Atlanta streets a hub for human trafficking

On the south side of Atlanta there is a growing problem with human trafficking.

You don't have to go very far to find the victims. They are scattered between the strip clubs, sex shops and gas stations along Fulton Industrial Boulevard.

The girls, each with their  own story, are there waiting under the watchful and threatening eye of their pimp.

With the world's busiest airport right here, Atlanta is one of the largest hubs for human trafficking in the country. Vulnerable people, often children, are sold and forced to have sex against their will.

According to the FBI, the average age that a girl is first recruited into prostitution or sex trafficking in the U.S. is 11-14 years-old.

January is Human Trafficking Awareness Month. Out of Darkness, the anti-trafficking ministry of the Atlanta Dream Center, takes to the streets weekly trying to help rescue victims of commercial sexual exploitation.

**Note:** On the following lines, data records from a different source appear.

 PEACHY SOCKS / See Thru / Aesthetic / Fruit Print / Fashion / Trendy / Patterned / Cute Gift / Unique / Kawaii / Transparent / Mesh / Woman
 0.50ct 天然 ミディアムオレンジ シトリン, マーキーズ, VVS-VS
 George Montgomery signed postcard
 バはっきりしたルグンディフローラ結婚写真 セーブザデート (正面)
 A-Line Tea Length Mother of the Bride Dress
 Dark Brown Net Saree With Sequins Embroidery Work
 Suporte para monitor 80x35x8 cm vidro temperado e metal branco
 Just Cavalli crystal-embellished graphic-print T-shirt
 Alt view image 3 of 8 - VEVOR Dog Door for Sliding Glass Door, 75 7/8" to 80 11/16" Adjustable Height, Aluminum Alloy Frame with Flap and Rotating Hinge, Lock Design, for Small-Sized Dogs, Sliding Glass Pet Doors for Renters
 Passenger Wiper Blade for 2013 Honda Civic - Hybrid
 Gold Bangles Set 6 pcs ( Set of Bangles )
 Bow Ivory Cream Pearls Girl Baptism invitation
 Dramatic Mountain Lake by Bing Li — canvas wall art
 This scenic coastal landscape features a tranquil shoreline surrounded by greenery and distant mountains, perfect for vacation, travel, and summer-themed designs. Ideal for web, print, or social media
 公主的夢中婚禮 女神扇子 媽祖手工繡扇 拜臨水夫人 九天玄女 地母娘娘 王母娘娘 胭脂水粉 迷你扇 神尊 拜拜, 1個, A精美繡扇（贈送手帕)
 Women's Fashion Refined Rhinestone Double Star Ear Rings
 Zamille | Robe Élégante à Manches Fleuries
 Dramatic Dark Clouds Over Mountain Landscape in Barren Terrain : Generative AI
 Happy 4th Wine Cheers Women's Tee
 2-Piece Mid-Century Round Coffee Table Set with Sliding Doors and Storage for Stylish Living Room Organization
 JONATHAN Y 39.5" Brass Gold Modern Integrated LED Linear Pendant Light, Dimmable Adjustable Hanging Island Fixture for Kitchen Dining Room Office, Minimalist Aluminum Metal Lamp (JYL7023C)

The volunteers who come from all across the state hand out cards that have a 24/7  hotline phone number that the girls  can call anytime to be rescued.

Recent estimates show about a hundred adolescent females are sexually exploited each night in Georgia and nearly thirteen thousand men in our state purchase sex with a young girl in any given month.

The most recent numbers show sex trafficking in Georgia generated nearly $300 million a year.